At the time of which we write, Hugh Bourne had but just emerged from the trouble and confusion caused by the clever Mrs. Dunnell, when trouble of a still more personal kind befell him. Hannah Mountford was married to James Crawfoot. Wedgwood, the writer of “Staffordshire: Up and down the County,” gives an outside view of this event. “Bourne had rather a handsome servant at Bemersley, and while the missionary Crawfoot was winning converts, the servant won the missionary, and after a short courtship they were married.” The marriage was a blow from an unexpected quarter; for it had always been understood that the widower “Old Man of the Forest” lightly esteemed wedlock in comparison with the celibate state. But it was not because Crawfoot had married that the blow struck home, but because he had married Hannah Mountford, for whom Hugh Bourne had come to have a tender regard. There is reason to believe that it was to her he had proposed at the class meeting. Unskilled in the arts of courtship employed by “the children of this world,” Hugh Bourne had not pressed his suit, and now Hannah Mountford was lost to him for ever. The writer already named goes on to say, what is quite true, that this unforeseen event created an estrangement between the accepted and rejected suitor. Other causes came in to widen the regrettable breach, and in 1813 Crawfoot withdrew from the Connexion.

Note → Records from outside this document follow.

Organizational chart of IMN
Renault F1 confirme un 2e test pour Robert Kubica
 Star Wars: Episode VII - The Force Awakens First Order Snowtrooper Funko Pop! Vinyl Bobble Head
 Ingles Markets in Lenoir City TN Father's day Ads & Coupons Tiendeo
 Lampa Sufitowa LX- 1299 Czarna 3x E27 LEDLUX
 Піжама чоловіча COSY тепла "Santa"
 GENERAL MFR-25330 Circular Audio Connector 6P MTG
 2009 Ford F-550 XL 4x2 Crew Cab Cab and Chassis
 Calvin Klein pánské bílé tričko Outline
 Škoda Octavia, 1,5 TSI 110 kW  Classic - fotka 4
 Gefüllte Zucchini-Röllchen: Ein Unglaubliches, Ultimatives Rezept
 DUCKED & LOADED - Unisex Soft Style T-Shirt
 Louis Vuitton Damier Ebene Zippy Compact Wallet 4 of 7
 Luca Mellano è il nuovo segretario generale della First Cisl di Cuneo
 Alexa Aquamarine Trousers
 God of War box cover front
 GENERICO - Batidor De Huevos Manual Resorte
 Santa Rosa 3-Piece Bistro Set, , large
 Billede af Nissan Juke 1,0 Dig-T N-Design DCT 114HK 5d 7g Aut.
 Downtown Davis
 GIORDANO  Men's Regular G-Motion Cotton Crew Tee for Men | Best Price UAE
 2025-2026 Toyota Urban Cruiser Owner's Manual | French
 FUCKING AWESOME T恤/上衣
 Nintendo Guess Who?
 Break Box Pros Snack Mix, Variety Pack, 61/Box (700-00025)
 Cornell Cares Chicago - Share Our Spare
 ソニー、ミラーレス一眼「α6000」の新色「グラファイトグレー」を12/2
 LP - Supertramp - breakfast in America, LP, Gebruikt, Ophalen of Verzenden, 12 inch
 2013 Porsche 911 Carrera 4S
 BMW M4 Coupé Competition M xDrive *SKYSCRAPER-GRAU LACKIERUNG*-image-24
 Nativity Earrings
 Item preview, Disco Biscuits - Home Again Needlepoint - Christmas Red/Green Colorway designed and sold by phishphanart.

An unforced and interesting parallel might be drawn between: John Wesley and Hugh Bourne in their early affairs of the heart. If Miss Ward was Bourne’s “Varanese,” and Mrs. Dunnell his sinister Mrs. Hawkins, then Hannah Mountford was his Sophia Christiana Hopkey. Only there was this great difference between them: Wesley put down in his secret Journal all that related to the course and tragic ending of his crossing in love, and we can read all about it in the first volume of the Standard edition of the Journal. But Bourne’s sensitive spirit shrank from making a confidant even of his Journal. As he could not write truly there, and make no mention of what meant so much to him, he would not write at all. This we believe is one of the chief reasons why we have the puzzling break from Feb. 13th, 1812, to Feb. 7th, 1813, in the carefully kept Journal of the most methodical of men. In that gap a romance is hidden.